Brief descriptive captions:
_ _ _ _

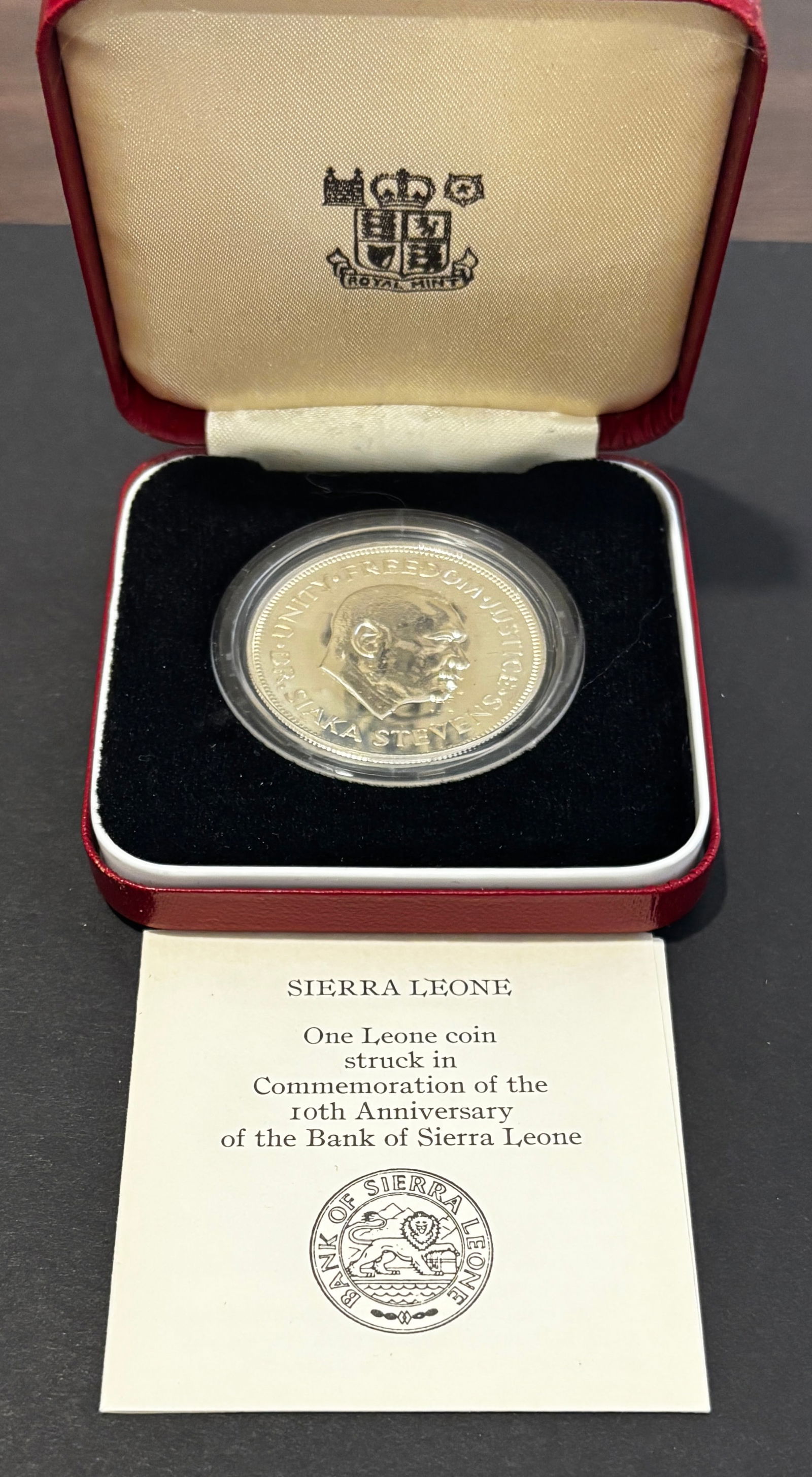 1974 Sierra Leone Siaka Stevens Proof Silver One Leone Coin In Case: 1974 Sierra Leone proof silver One Leone commemorative issued for the 10th Anniversary of the Bank of Sierra Leone, featuring portrait of President Dr. Siaka Stevens with motto “Unity, Freedom,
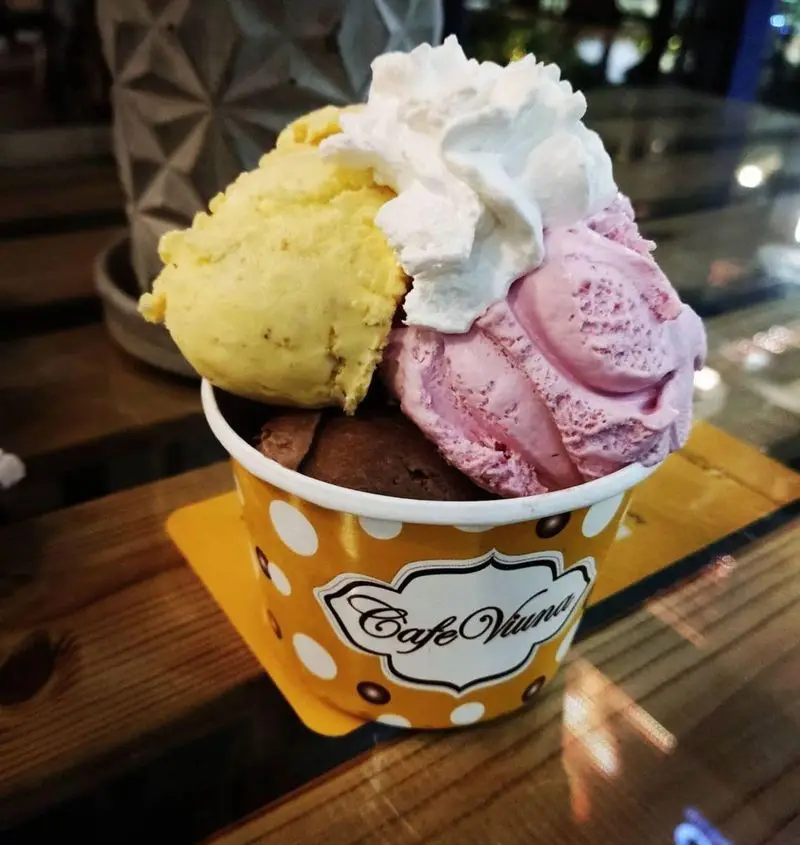 بستنی سه اسکوپ رنگارنگ و خوشمزه (میوه‌ای، شکلاتی) با خامه فراوان در کافه رستوران ویونا پلاس، دسری خنک و لذیذ.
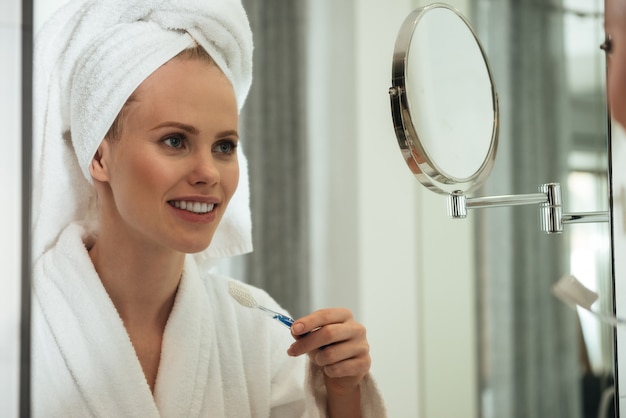 Young woman brushing teeth against mirror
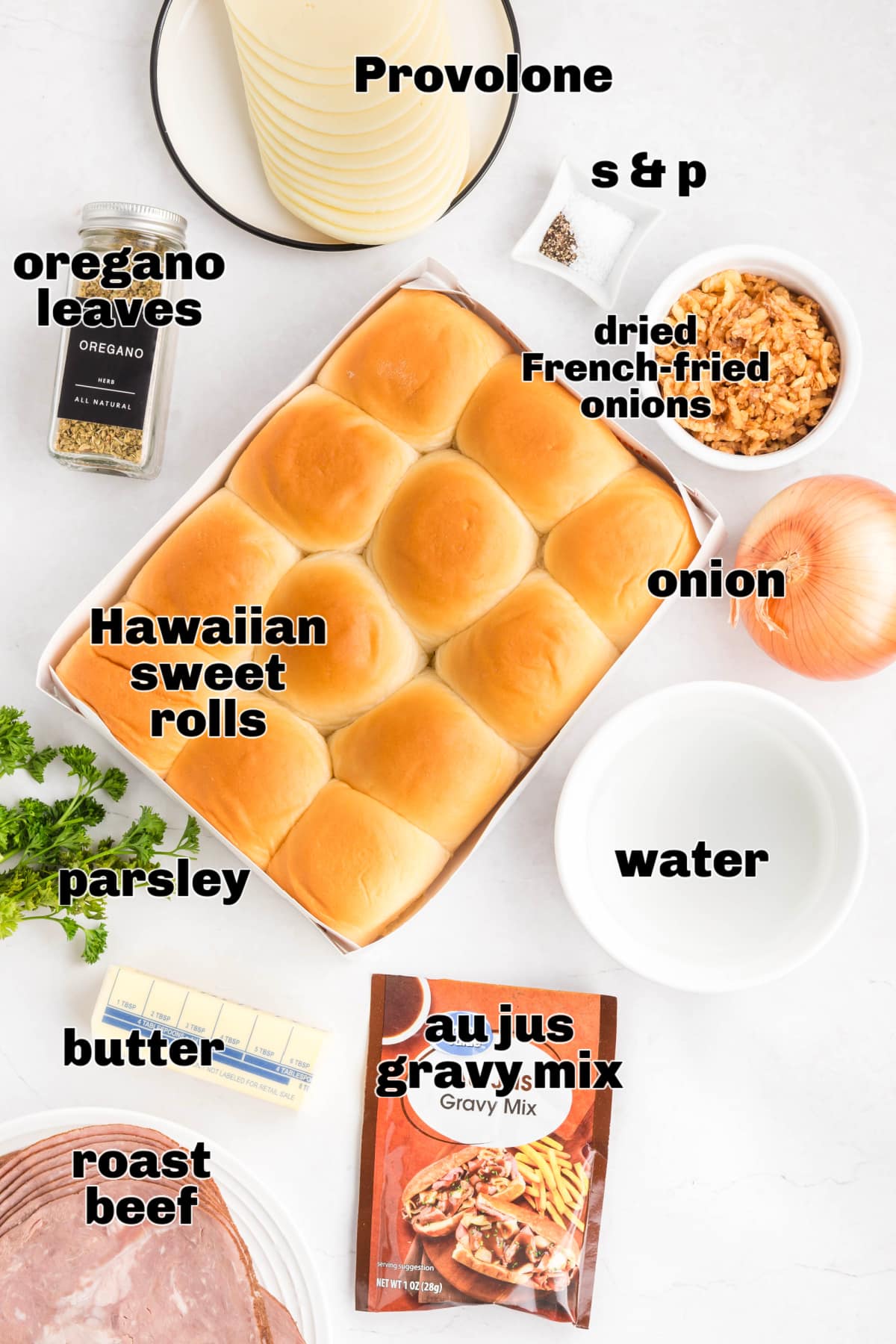 Ingredients for French dip sliders shown in a flat lay with sweet rolls, sliced roast beef, provolone cheese, yellow onion, butter, oregano, parsley, French-fried onions, water, and au jus gravy mix French dip sliders ingredients including Hawaiian sweet rolls, roast beef, provolone, onion, butter, and au jus gravy mix
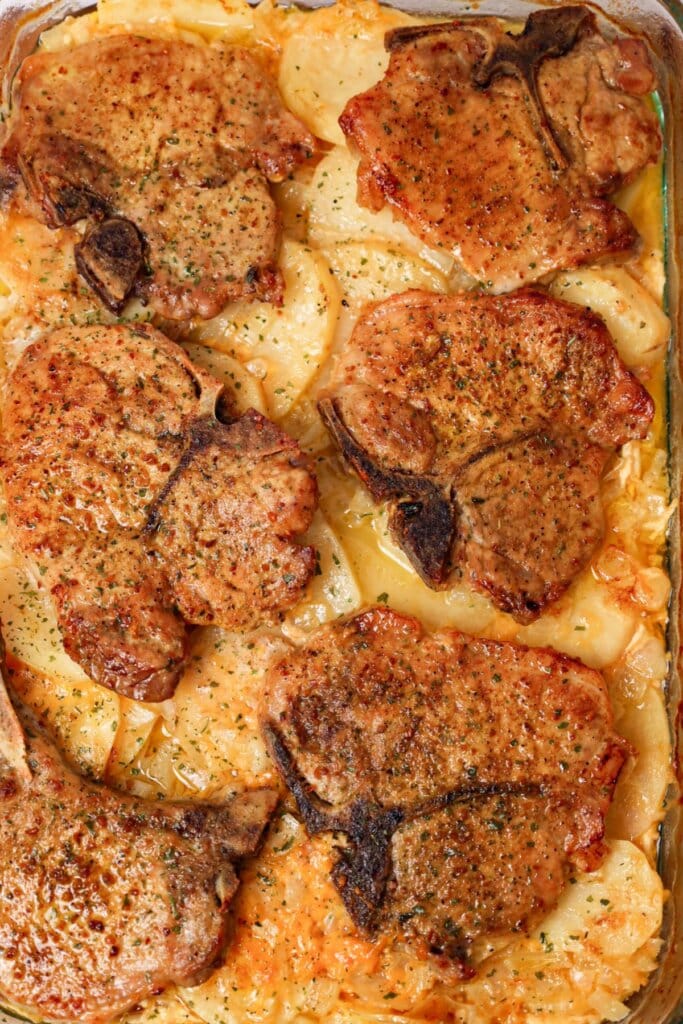 Pork chop on top of a bed of scalloped potatoes.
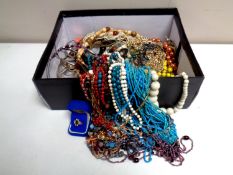 A box containing a large quantity of assorted costume jewellery,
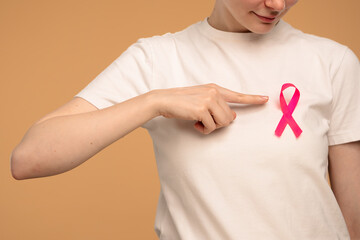 Woman Wearing Pink Ribbon for Breast Cancer Awareness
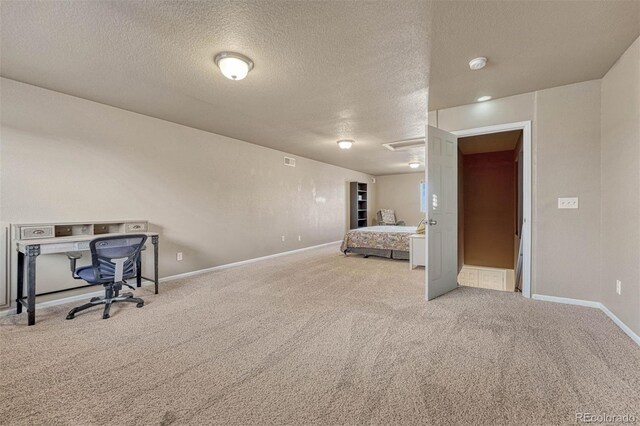 7963 Bonfire Trl, Fountain, CO 80817 - carpeted bedroom with a textured ceiling and baseboards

_ _ _ _

Return every entry above exactly. Pictures stay out.

 1974 Sierra Leone Siaka Stevens Proof Silver One Leone Coin In Case: 1974 Sierra Leone proof silver One Leone commemorative issued for the 10th Anniversary of the Bank of Sierra Leone, featuring portrait of President Dr. Siaka Stevens with motto “Unity, Freedom,
 بستنی سه اسکوپ رنگارنگ و خوشمزه (میوه‌ای، شکلاتی) با خامه فراوان در کافه رستوران ویونا پلاس، دسری خنک و لذیذ.
 Young woman brushing teeth against mirror
 Ingredients for French dip sliders shown in a flat lay with sweet rolls, sliced roast beef, provolone cheese, yellow onion, butter, oregano, parsley, French-fried onions, water, and au jus gravy mix French dip sliders ingredients including Hawaiian sweet rolls, roast beef, provolone, onion, butter, and au jus gravy mix
 Pork chop on top of a bed of scalloped potatoes.
 A box containing a large quantity of assorted costume jewellery,
 Woman Wearing Pink Ribbon for Breast Cancer Awareness
 7963 Bonfire Trl, Fountain, CO 80817 - carpeted bedroom with a textured ceiling and baseboards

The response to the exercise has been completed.